When sending requests to the BigQuery API, specify the compute project in the URL, for example:

POST /bigquery/v2/projects/docs-compute/jobs HTTP/1.1
Host: bigquery.googleapis.com
User-Agent: Go-http-client/1.1
Authorization: <REDACTED 1031 BYTES>
Accept-Encoding: gzip
{
  "configuration": {
    "query": {
      "useLegacySql": false,
      "query": "CREATE OR REPLACE TABLE `docs-target.dataset.target-002` AS SELECT * FROM `docs-source.dataset.source-002`;"
    }
  },
  "jobReference": {
    "projectId": "docs-compute",
    "jobId": "docs-compute-job-id",
    "location": "us",
  }
}

Active project

This is the project from which you are viewing the data lineage. The Google Cloud console shows the active project in the project selector. If you're using the API, the active project is the project from which you're making API calls.

The BigQuery UI shows the data lineage for a
    dataset called source-001, which is in a project called docs-source.
Figure 3. The active project in the the Google Cloud console.

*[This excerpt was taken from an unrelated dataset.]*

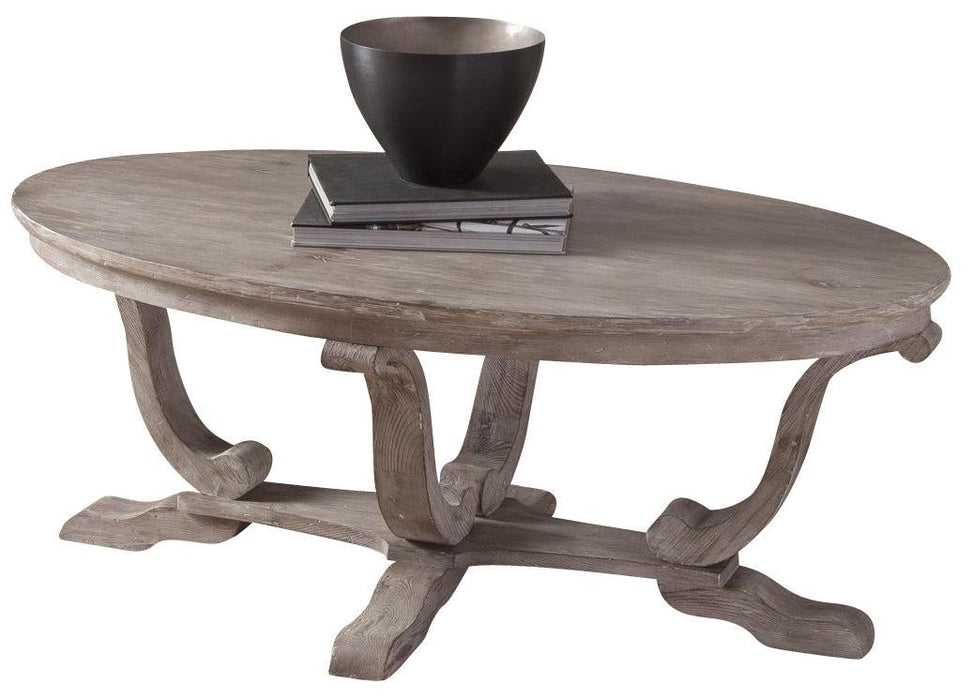 Liberty Furniture Greystone Mill Oval Cocktail Table in Stone White - Furniture World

BigQuery data lineage not showing

The following issue occurs after running a BigQuery job. In this case, the problem can be caused by three scenarios:

  • The Data Lineage API is disabled in the active project or the compute project.
  • You don't have Data lineage Viewer (roles/datalineage.viewer) in the active or the compute project.
  • The data lineage hasn't arrived yet. Depending on the volume and complexity of the data being processed, it can take from standard 30 minutes up to 24 hours for the data lineage to display.

If you see the message "Fetching lineage failed due to missing permissions." on the bottom of the page, you are missing permissions on the active project. Otherwise you are missing permissions on the compute project.

An empty lineage graph.
Figure 4. Example of lineage not showing in BigQuery UI.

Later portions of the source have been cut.